Python Cupy and DirectGPU

Dear All,
I would like to kindly ask you some information regarding an application that we are developing. I hope I am writing in the correct forum, as the topic cover various areas.
We have a Xilinx FPGA that acquire a set of images and we would like to transfer these images directly into the GPU memory with DirectGPU for subsequent elaboration with Python Cupy library based on CUDA.
We have found this application principle for the transfer between FPGA to GPU memory using DirectGPU:

I found that Cupy initializes the GPU array with cudaMalloc and then returns the virtual memory pointer. In addition, seems to be possible to use cp.cuda.UnownedMemory(ptr, size, owner=None) to access a memory region not allocated by Cupy. However, since the virtual memory pointer is required, my main concern is whether the RDMA works with virtual memory or physical memory, and whether it will be possible to obtain the virtual memory pointer to manage the data with Python Cupy?
Our idea is to transfer a single block of data; does RDMA expect to work with a single block or chunk?
How do RDMA works?

Do you have any suggestions for our application?
Thank you very much in advance for your time and help.
Kind regards
Alessandro

Have you read NVIDIA’s documentation?

Hi njuffa,
thank you very much for your reply.
I am reading the documentation, but I still have some questions.

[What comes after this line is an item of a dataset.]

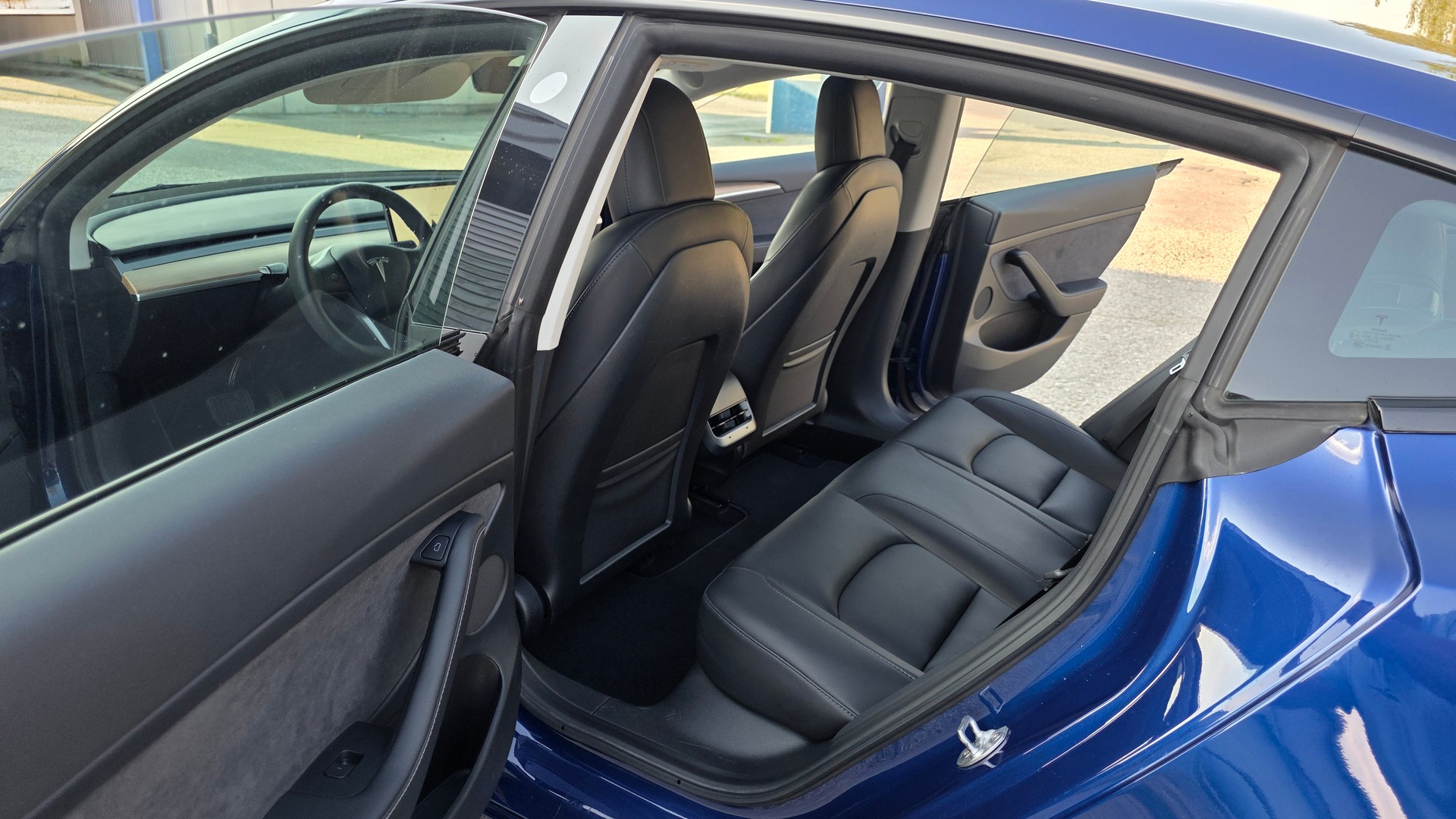 TESLA Model 3 Long Range Dual Motor AWD. Certificat SOH-image-6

It seems to be possible to use cudaMalloc, cuPointerSetAttribute and the nvidia_p2p_get_pages function to get the physical address where to write the data and then I can pass the cudaMalloc pointer to Cupy.

However, as far as I know, the pages returned by p2p_get_pages are not contiguous. Is it is possible to allocate contiguous pages?
Also, I don’t understand how the GPU memory is exposed on the PCI BAR.

From the document, as far as I understood, the page size is 64kB. Is it possible to change the page size?

Thank you very much!